Google has announced that its Gmail service will receive end-to-end encryption. Subscription holders of some Google Workspace plans can already use the beta version today.
Google representatives said they will improve Gmail with end-to-end encryption (E2EE). This will give users of Google Workspace cloud programs the ability to exchange securely encrypted emails not only within gmail.com but also outside of this domain. The “client-side” encryption method (Google uses this name to refer to E2EE) has already been implemented for Google Drive, Docs, Sheets and Slides, the Google Meet video communication service, and the Google Calendar organizer application.

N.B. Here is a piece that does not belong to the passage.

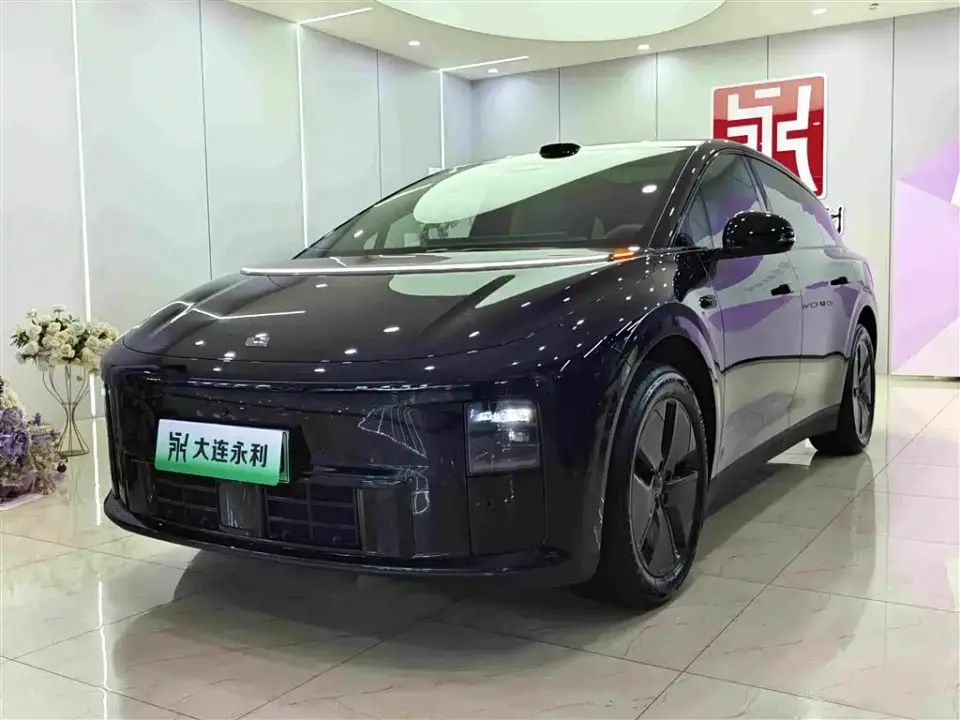 Li Auto i6 2WD Base Model 2026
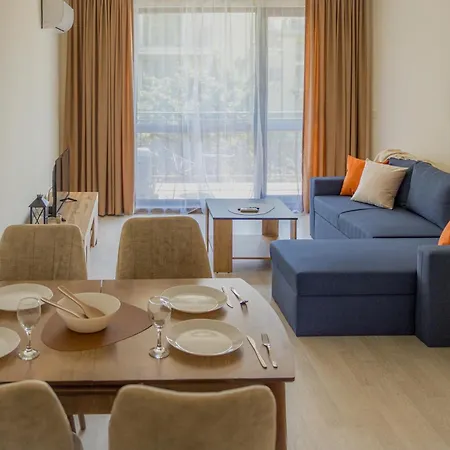 Rabi Park Apartahotel Saints Constantine and Helena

With client-side encryption enabled, Gmail guarantees that Google servers will not be able to disclose any information that is sent directly in the text part of the letter and in the form of attachments to it. Data encryption is carried out in the user's browser even before the transfer or storage of information on a disk in the cloud. Therefore, Google servers will not be able to get the user's encryption keys and reveal forbidden data.

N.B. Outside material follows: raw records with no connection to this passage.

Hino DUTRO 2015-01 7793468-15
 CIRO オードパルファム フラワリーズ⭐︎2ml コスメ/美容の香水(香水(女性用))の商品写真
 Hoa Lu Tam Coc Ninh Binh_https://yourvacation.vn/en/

Google explained that as an additional security measure, in addition to the default encryption provided by Google Workspace, it will be possible to use your own private encryption keys. This will take the security of your own information or your company's data to a higher level.
The end-to-end encrypted beta version of the Gmail service is already available today for those users of Google Workspace cloud programs who are subscribed to one of 3 tariff plans: Education Standard, Education Plus or Enterprise Plus. Now they have the opportunity to participate in testing innovations. To do this, they need to apply before January 20 of the next year.